Graph and Simplicial Complex Prediction Gaussian Process via the Hodgelet Representations

Published 16 May 2025 in cs.LG and cs.AI | (2505.10877v1)

Abstract: Predicting the labels of graph-structured data is crucial in scientific applications and is often achieved using graph neural networks (GNNs). However, when data is scarce, GNNs suffer from overfitting, leading to poor performance. Recently, Gaussian processes (GPs) with graph-level inputs have been proposed as an alternative. In this work, we extend the Gaussian process framework to simplicial complexes (SCs), enabling the handling of edge-level attributes and attributes supported on higher-order simplices. We further augment the resulting SC representations by considering their Hodge decompositions, allowing us to account for homological information, such as the number of holes, in the SC. We demonstrate that our framework enhances the predictions across various applications, paving the way for GPs to be more widely used for graph and SC-level predictions.
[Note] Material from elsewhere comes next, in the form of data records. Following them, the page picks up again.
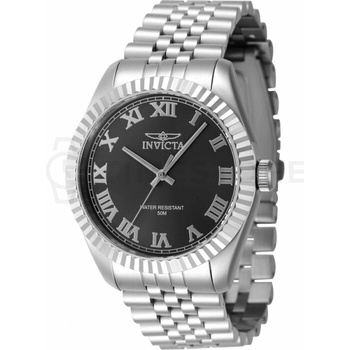 Invicta 47396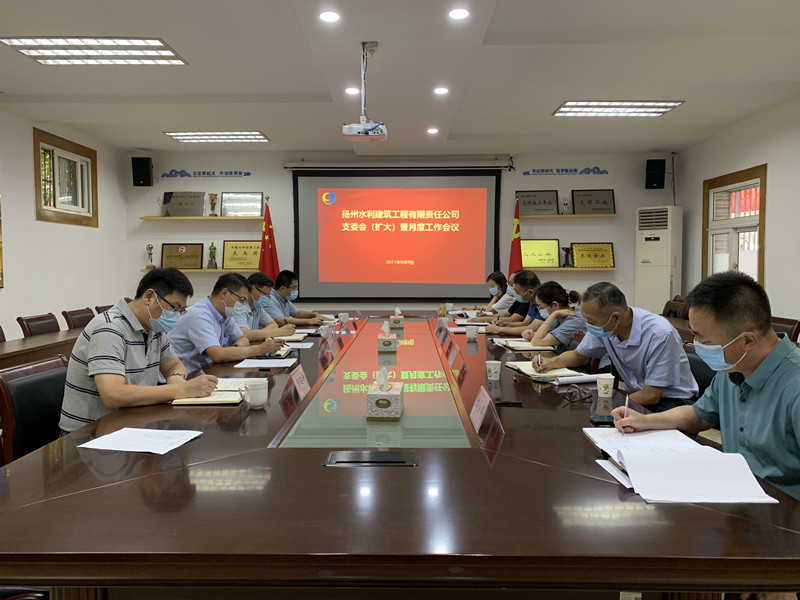 1631267673989656.jpg 75ae9fa2756373fdf754b23b819844e.jpg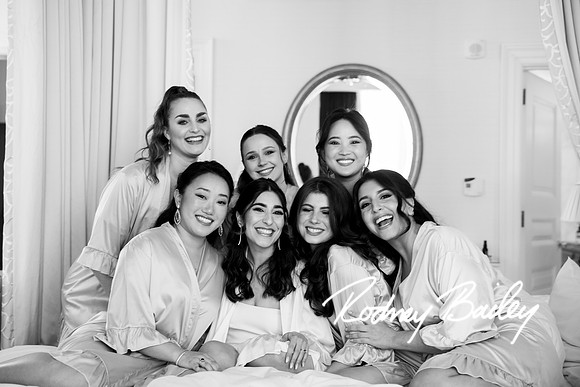 Washington-DC-Wedding-photographers-Rodney-Bailey-Photography__0492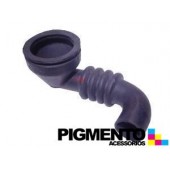 TUBO DE FILTRO ZEROWATT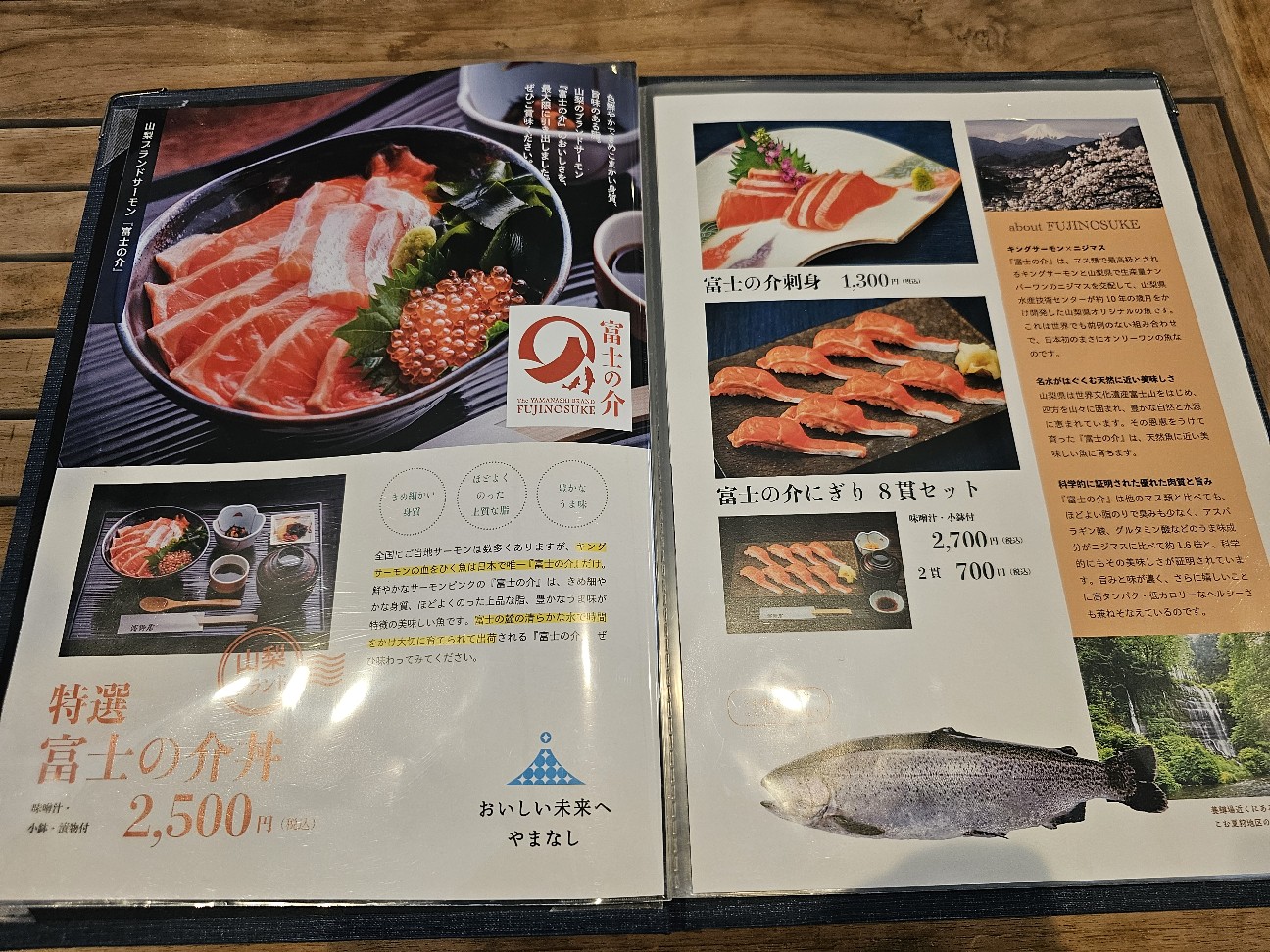 f:id:tt-suzukiit:20250504153105j:image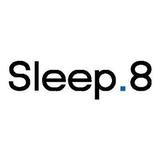 Sleep.8 Gran de Sant Andreu profile photo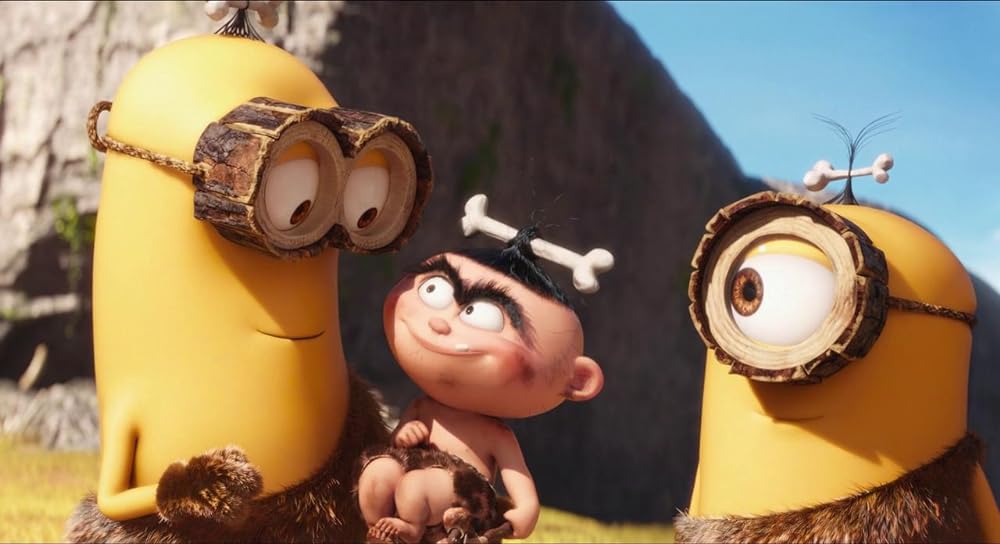 クロミニオンの画像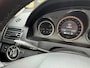 Mercedes-Benz C-klasse Estate 180 CGI BlueEFFICIENCY Avantgarde|NEW APK|AUTOMAAT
Abstract PDF Upgrade to Chat

Summary

The paper introduces a novel Gaussian Process framework combining Hodgelet representations for topology-aware prediction on graphs and simplicial complexes.
It leverages wavelet transforms and Hodge decomposition to construct robust multi-scale features that outperform conventional GNNs in data-scarce scenarios.
Experimental results on synthetic and real datasets demonstrate superior performance in tasks such as vector field classification and molecular property prediction.

This paper, "Graph and Simplicial Complex Prediction Gaussian Process via the Hodgelet Representations" (2505.10877), introduces a novel approach for predicting labels on graph-structured data and its generalization, simplicial complexes (SCs), particularly addressing the challenge of scarce data where traditional Graph Neural Networks (GNNs) may struggle with overfitting. The core idea is to leverage the power of Gaussian Processes (GPs) combined with rich, topology-aware representations of the input structures, which the authors term "Hodgelet representations".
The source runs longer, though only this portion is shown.